First, the Syrian fighters produced by the American train-and-equip program entered Syria, and it ended in disaster. I have previously detailed the way in which the Obama administration has repeatedly promised it is getting serious about supporting the Syrian rebellion and then not followed through. Suffice it to say, after nearly a year of recruitment, the $500-million program that was supposed to train 15,000 rebels over three years, sent fifty-four “New Syrian Forces” (NSF) into Syria on July 30, and Jabhat an-Nusra, al-Qaeda’s Syrian branch, dismantled them over four days. The U.S. did at least conduct airstrikes to try to rescue its proxy this time, but to no avail.

That the train-and-equip program was a going-through-the-motions exercise, to appease domestic criticism and Arab allies, while not intended to have any actual effect—the “Syria two-step,” as Michael Doran calls it—was obvious from the fact that the NSF was only meant to target the Islamic State (ISIS). Employing rebels on condition they stop being rebels was never a very good plan. It is hard to believe that anybody is really surprised there were so few Syrian rebels prepared to quit their fight against Assad—an explicit condition of the American program—and become America’s Arab JSOC force. Why the U.S. would want rebels to quit the fight against a dictator whose ouster is official policy is a question with really only one answer.

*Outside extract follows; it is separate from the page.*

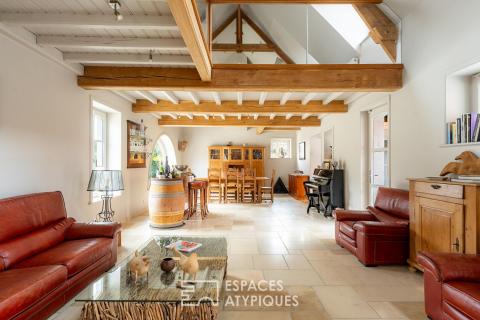 Fermette au carré rénovée avec cour et pâture proche de Lille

This same answer is suggested by the fact that the failure of the Syrian rebels, a consequence of inadequate American support, is being used to argue for even less help to the Syrian rebellion. This has been seen before, when U.S. jets watched as Nusra destroyed the Syrian Revolutionaries’ Front and then collapsed Harakat Hazm just weeks after the U.S. had severely cut Hazm’s funding, and in the aftermath the U.S. declared that this showed their decision not to back SRF and Hazm was right since the groups were obviously no good.

A cynic would think allowing the nationalist rebels to wither until Assad/Iran can be portrayed as the only “pragmatic” anti-ISIS option, since all the insurgents are ISIS, was the feature, not the bug, of the policy.

The impression that the U.S. never seriously intended to form even an anti-ISIS force out of the rebels was furthered by the news that the U.S. considered the loss of the NSF no big deal because:

[A] better force had emerged—already trained, competent, organized—that posed little risk of abandoning the fight or worse yet, switching sides. They are the … YPG

YPG are the Kurdish “People’s Protection Units,” run by the Democratic Union Party (PYD), the Syrian offshoot of the Kurdistan Workers’ Party (PKK), which is a designated terrorist organization. Despite much U.S. obfuscation, the leadership of the PKK’s branches in Turkey, Syria, and Iran is the same. Given the political background of the PYD, it is true that members of the YPG are unlikely to join ISIS, though the background of some PYD’s leaders in Communist and chauvinist extremism, and murky connections to the regime, present problems of their own.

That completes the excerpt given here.